--- WORK INSTRUCTION ---
Reproduce the listing below exactly, except for its pictures.
***** RECORDED DATA *****
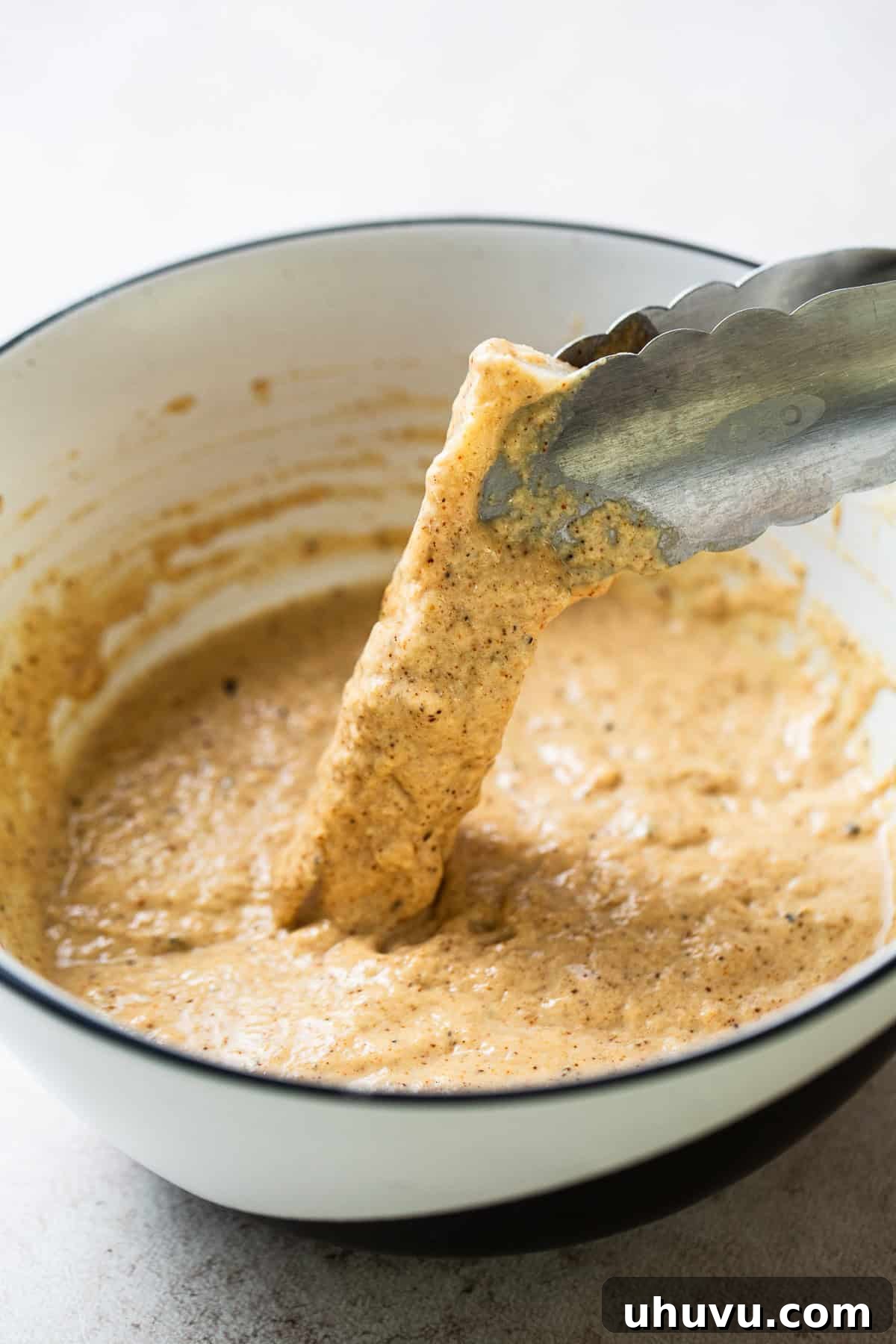 Golden Crispy Baja Fish Tacos 9 A piece of fish being carefully dipped into the airy beer batter, ensuring a full coating for crispiness.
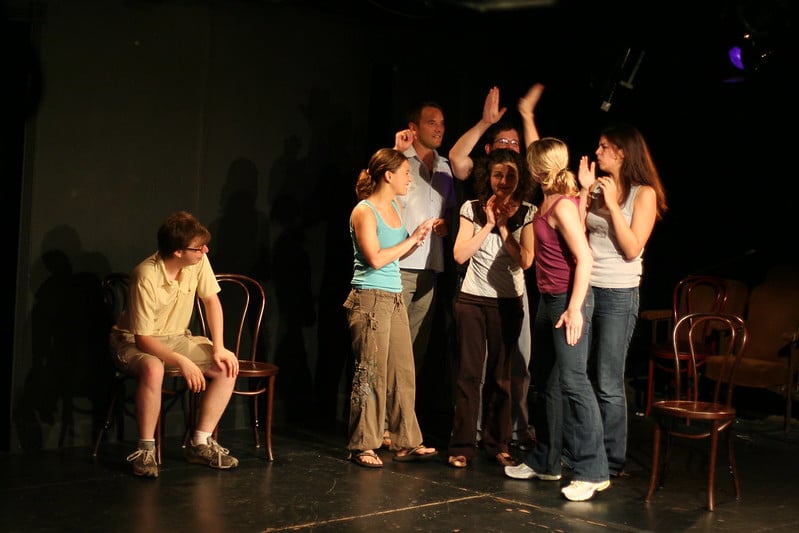 Comedy/improv group performing on stage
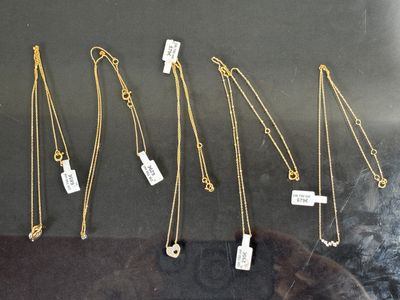 de nombreux colliers en or exposés dans une vitrine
*****
--- RESULT ---
 Golden Crispy Baja Fish Tacos 9 A piece of fish being carefully dipped into the airy beer batter, ensuring a full coating for crispiness.
 Comedy/improv group performing on stage
 de nombreux colliers en or exposés dans une vitrine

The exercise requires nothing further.